Joint Confidence Interval

Given the following model:

${\rm Wage}_i=\beta_0+\beta_1 {\rm Married}_i+\beta_2{\rm Female}_i+\beta_3 {\rm Married}_i \times {\rm Female}_i + \varepsilon_i$,

I am interested in finding $\beta_1+\beta_3$ for different quantiles of the dependent variable (i.e. on average, how much more/less does married females make compared to single females for a given quantile). I already have the results of the quantile regression model, and I calculated $\beta_1+\beta_3$ for all quantile levels.

However, I am trying to find a confidence interval for $\beta_1+\beta_3$ to determine whether this quantity is statically significant for a given quantile level. One thing that came to mind is the Bonferroni joint confidence interval. Using this method I was able to find a lower bound for the joint confidence interval for each of $\beta_1$ and $\beta_3$, but I am not sure how to find a confidence interval for the sum of the two covariates.

Would it be correct to sum the two confidence intervals that we got (I didn't find evidence that support this approach)? Is there a way to determine such a confidence interval? Appreciate your help. Thanks.

• This is a question about predictions based on linear combinations. You will need to base your CI on the standard error of the combination, which is a function of the standard errors of the estimates, but also of the covariance of the estimates.. May 1 '14 at 23:21

Uh... let's see. . . this is just from vague memory, but I think that in your case: $s_{\beta_{1}+\beta_{3}} = \sqrt{s^{2}_{\beta_{1}} + s^{2}_{\beta_{3}} + 2cov_{\beta_{1}\beta_{3}}}$

I am a bit worried that for discrete changes, like marriage and gender, the partial derivatives do not give the right effect, which is inherited by their sum. With a continuous variable this seems more sensible, because the coefficient gives you the change in the outcome for an infinitesimal change in x, which is unlikely to shift a person to a different quantile.

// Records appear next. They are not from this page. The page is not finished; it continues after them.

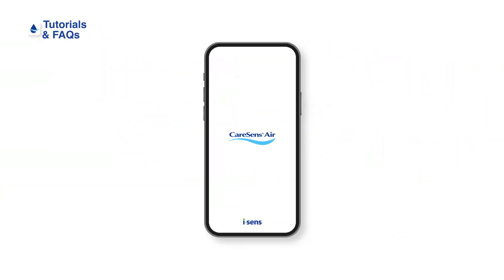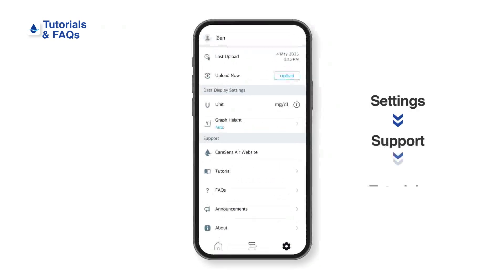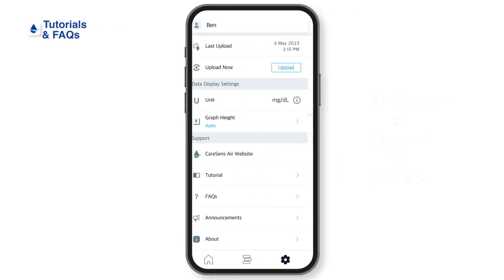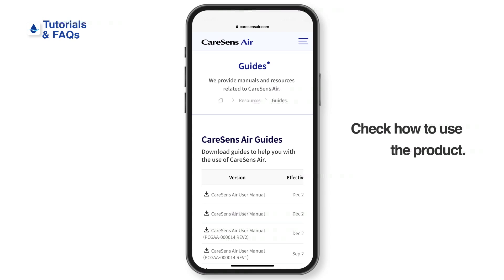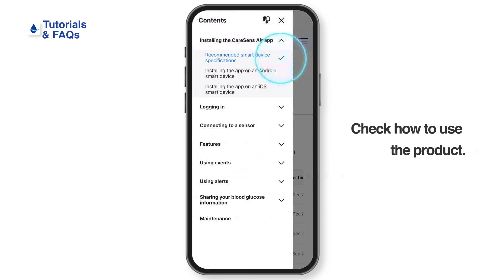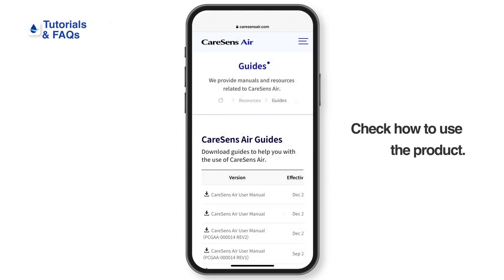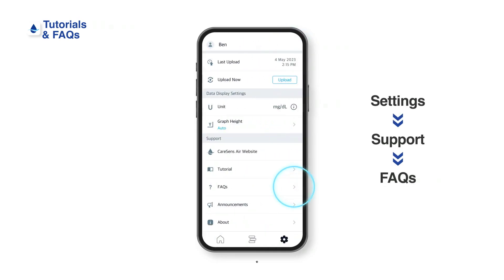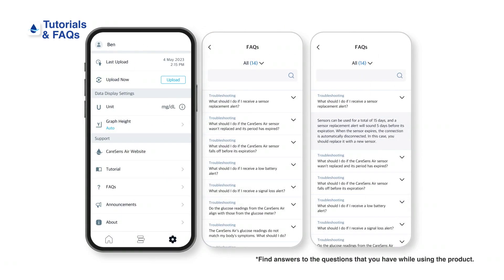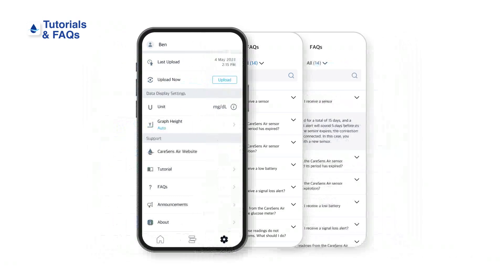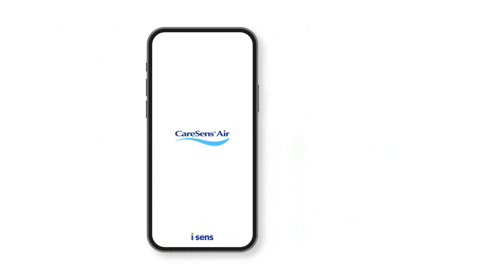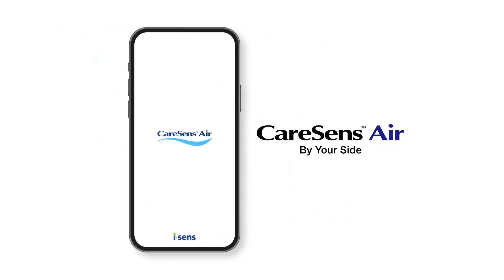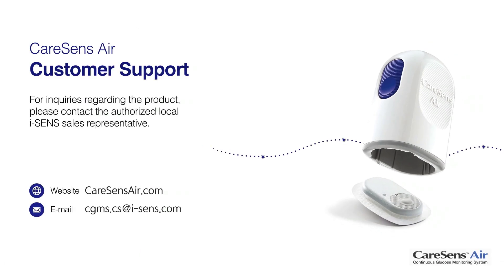The Kerasens Air app provides tutorials and frequently asked questions. Tap Tutorials under Support and Settings to check the product guide. Tap Frequently Asked Questions from the settings menu for more information. Please contact the authorized local iSense sales representative for inquiries about the product.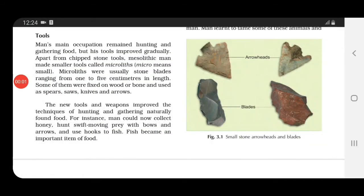Under the heading of tools — the main occupation of man, hunting and gathering food, remained the same, but the tools were improving and were more polished compared to earlier ones. Apart from chipped stone tools used earlier, Mesolithic man made smaller tools known as microliths. The word 'micro' means small, and these were better than the ones used earlier.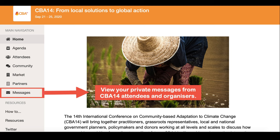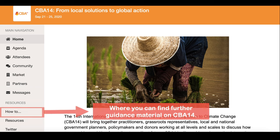In Messages you can view any private messages sent to you by other participants and respond to these. In How To you'll find further guidance material for navigating and engaging with sessions at CBA 14.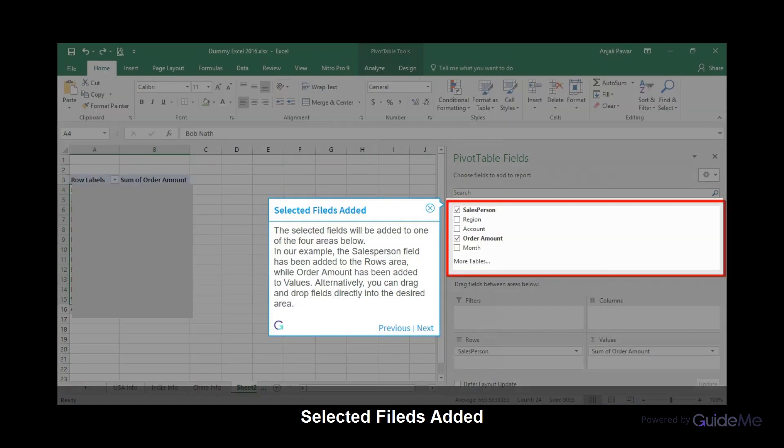The selected fields will be added to one of the four areas below. In our example, the salesperson field has been added to the rows area, while order amount has been added to values. Alternatively, you can drag and drop fields directly into the desired area.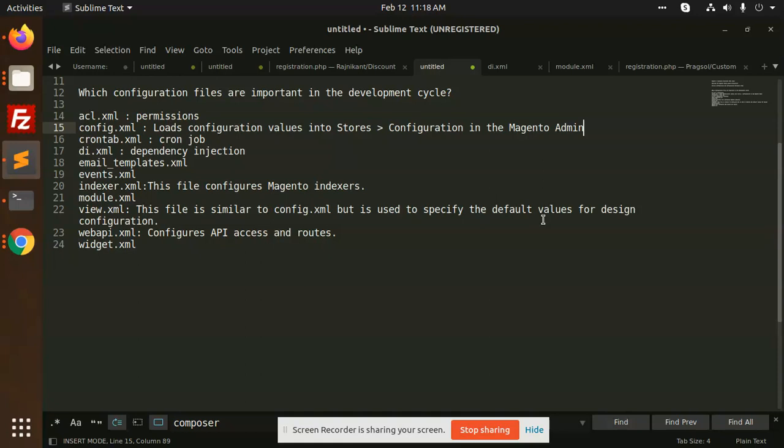Crontab for running cron jobs, where you have to define when the cron will run and it will run according to your settings. Then di.xml for overriding.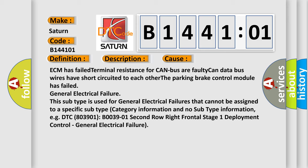This subtype is used for general electrical failures that cannot be assigned to a specific subtype category information and no subtype information, e.g. DTC B003901, B003901, 2nd row right frontal stage 1 deployment control, general electrical failure.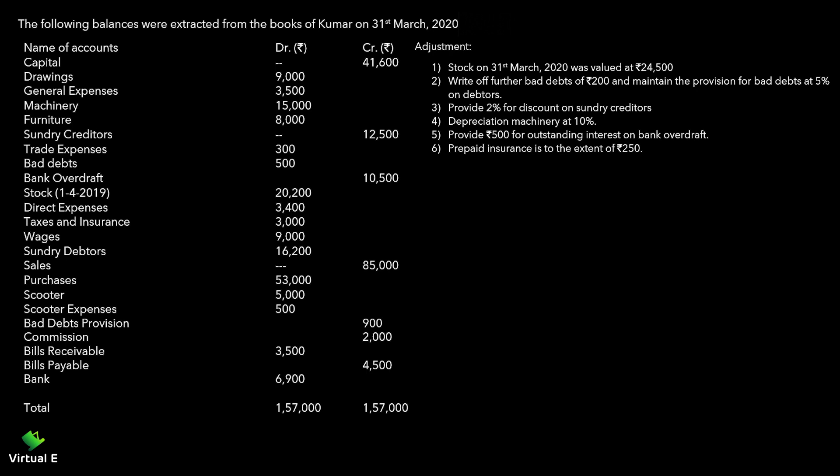One more sum for the financial statement. What is different in this sum is managers commission - we will provide managers commission on net profit. Accounts are given with a trial balance - debit or credit balances given: capital, drawings, general expenses, machinery, furniture, sundry creditors, trade expenses, bad debts, bank overdraft. Then also stock, direct expenses, taxes and insurance, wages, debtors, sales, purchases, scooter, scooter expense, provision, commission, bills receivable, bills payable, and bank.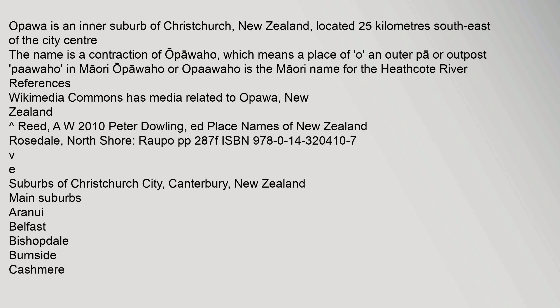Opawaho means a place of O and Outer Pa or Outpost in Maori. Opawaho or Opawaho is the Maori name for the Heathcote River. References: Wikimedia Commons has media related to Opawa, New Zealand.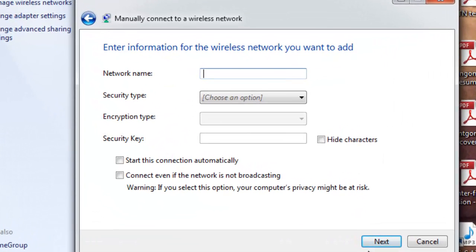Type in the network name ACSecure. Make sure to use a capital A, a capital C, and a capital S.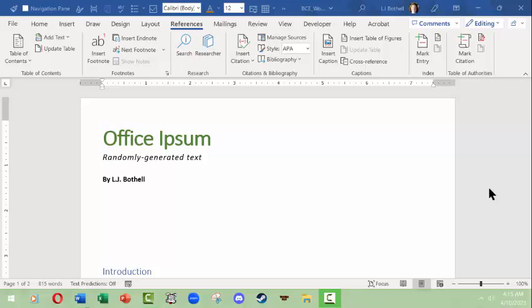Hello, this is LJ Bothell and this is a short video in Microsoft Word for Windows on using the References tab in Microsoft Word. There should be similar capacities in other operating systems, so this information should be translatable regardless of what kind of computer you're using.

With discrete changes, I am more suspicious of that, and the interpretation is a bit more delicate. However, I am not aware of an alternative way to proceed.

Also, I am not sure "Joint CI" is the right title since you are not looking for that, and the bonferroni tag seems irrelevant.

A general way to get simultaneous confidence intervals, that assumes normality of the $\beta$s, is implemented in the R rms package. You can fit with the rms Rq function for quantile regression, then pass the resulting fit object to the contrast.rms function where you specify all the contrasts of interest and specify conf.type='simultaneous'.

Once you have calculated the standard error from Alexis' formula, you should be able to retrieve the confidence interval doing:

CI = 1.96 +/- SE

However, it is not clear whether it works for linear regression, as suggested in the CV post

Reproduce a confidence interval of linear regression in excel

• (1) The post you refer to concerns a spreadsheet mistake, not a problem with linear regression, and it's about prediction limits rather than confidence limits. (2) I didn't notice this the first time through, but did you see that the question concerns a quantile regression? It's not conventional linear regression. Even so, @Alexis is correct: given an estimated covariance matrix for the coefficient estimates, an approximate CI can be constructed for any linear combination of the coefficients.
– whuber
Jun 27 '14 at 19:02
• No I did not. Thanks for your comment, it is helpfull for me because I want to compute a joint confidence interval as well :). It works provided the 2 parameters I want to calculate the joint CI for are linearly related, isn't it? (I mean, even if is in a non-linear model)? Jun 27 '14 at 19:06
• That's a great question. If you are not doing least squares regression, the parameter estimates might not be linearly related, but even so their covariance matrix can be used as one way to construct joint CIs. This is justified for Maximum Likelihood estimation by an appeal to its asymptotic properties, so a sizable amount of data can be necessary.
– whuber
Jun 27 '14 at 19:10
• I am using the Levenberg Marquardt algorithm in Mathematica, I think it is using least square. I can try to fit my model with ML, data amount will not be an issue. Thanks! Jun 28 '14 at 22:37

I know the answer is found at this link. which says: If you want simultaneous confidence intervals for both the intercept and slope, using the Bonferroni method with joint confidence level α, set the level equal to 1 – α / 2...

• This is an approximation only. It often works well for intercept and slope in ordinary regression because frequently the intercept and slope estimates are uncorrelated or only weakly correlated. When it comes to two arbitrary coefficient estimates, though, as in the question, it is important to account for their correlation. A comment to the question by @Alexis points this out.